What to work on: Although the entries contain pictures, repeat only their words, exactly as written.
BEGIN
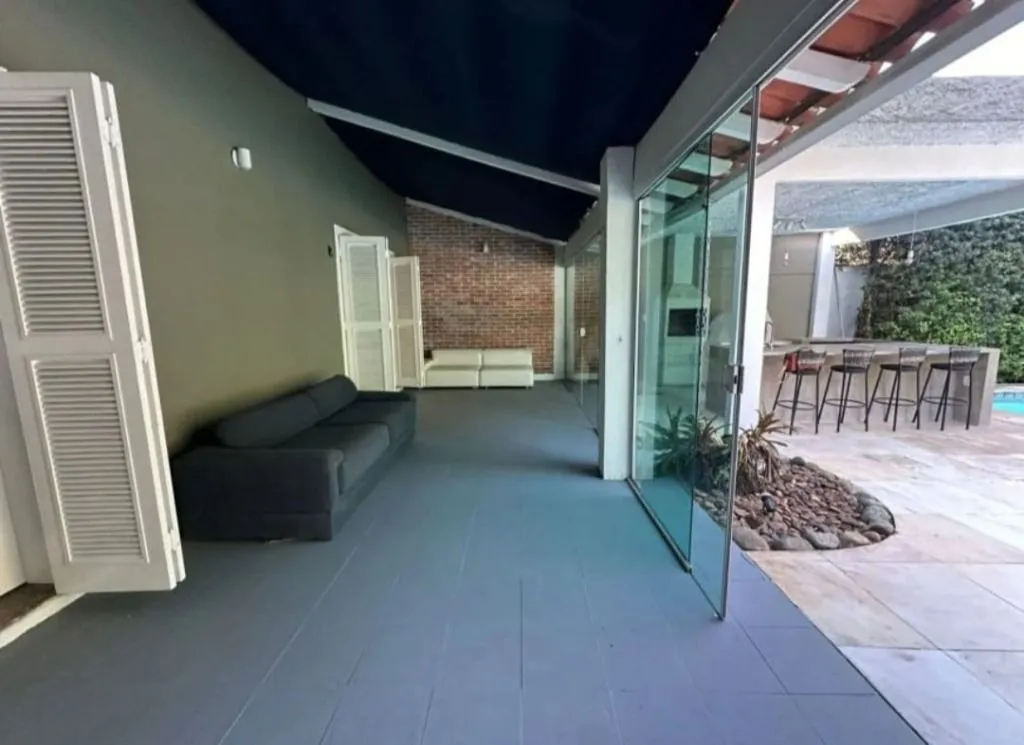 House with 5 bedrooms and 4 bathrooms, 647 m² — photo 48
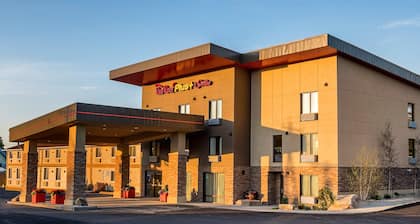 Red Roof Inn PLUS+ & Suites Malone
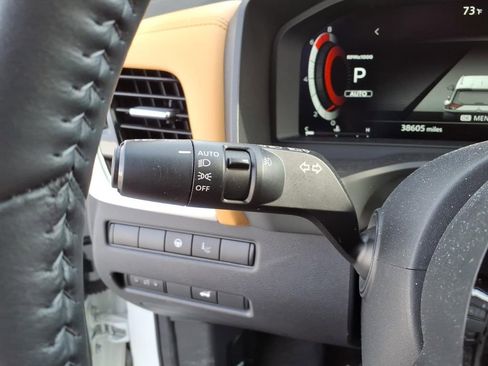 Used 2021 Nissan Rogue Platinum image 25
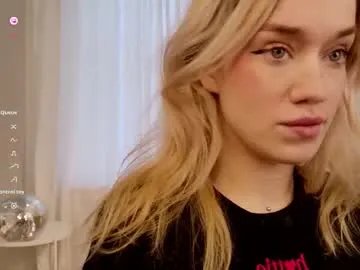 Freechat fancyamelia on Chaturbate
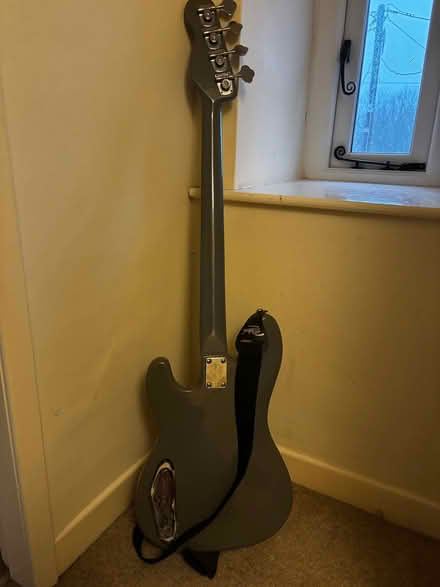 Photo of free Axe Bass Guitar (Haverthwaite LA12) #2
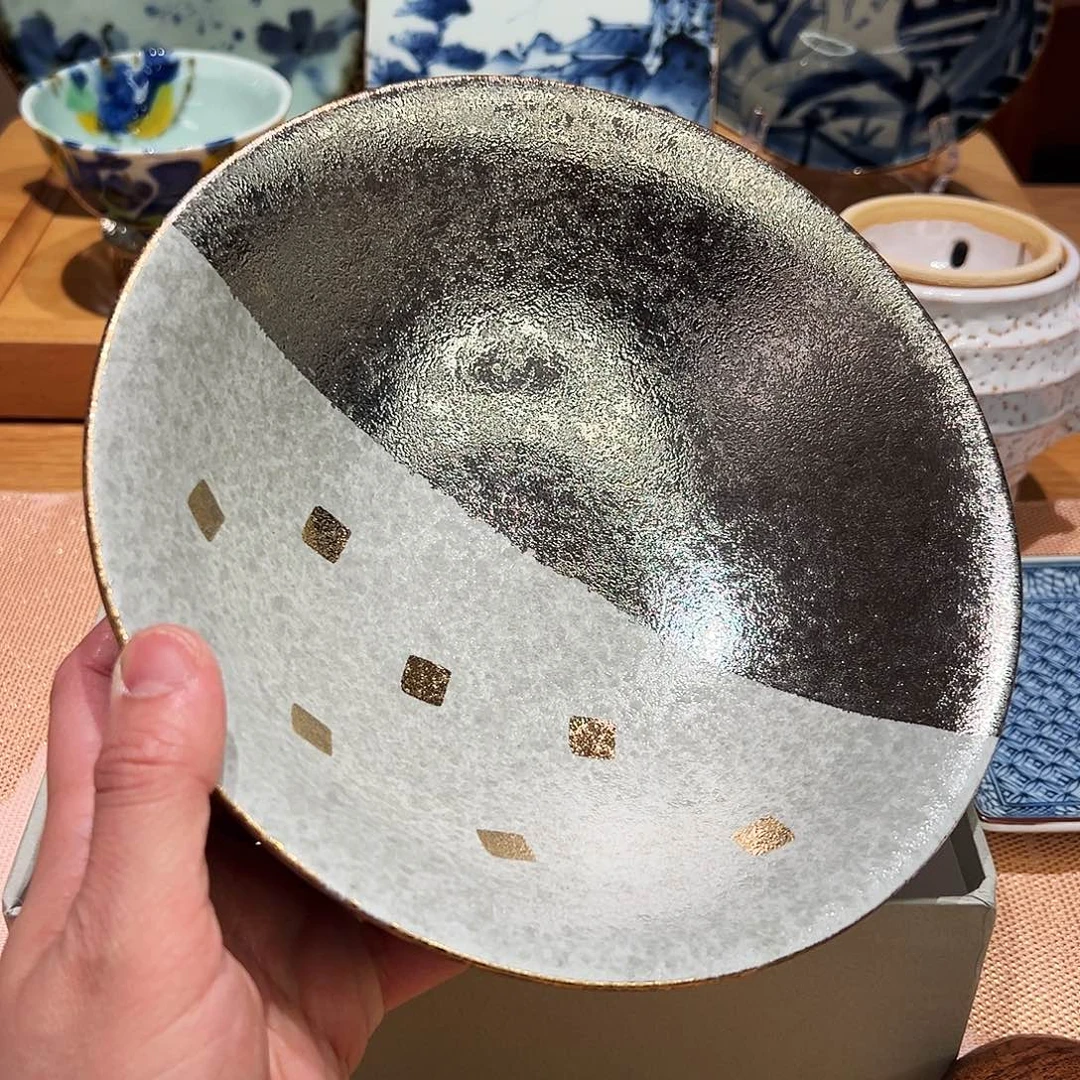 咖啡杯和茶杯是我们学校一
END
Response box:
 House with 5 bedrooms and 4 bathrooms, 647 m² — photo 48
 Red Roof Inn PLUS+ & Suites Malone
 Used 2021 Nissan Rogue Platinum image 25
 Freechat fancyamelia on Chaturbate
 Photo of free Axe Bass Guitar (Haverthwaite LA12) #2
 咖啡杯和茶杯是我们学校一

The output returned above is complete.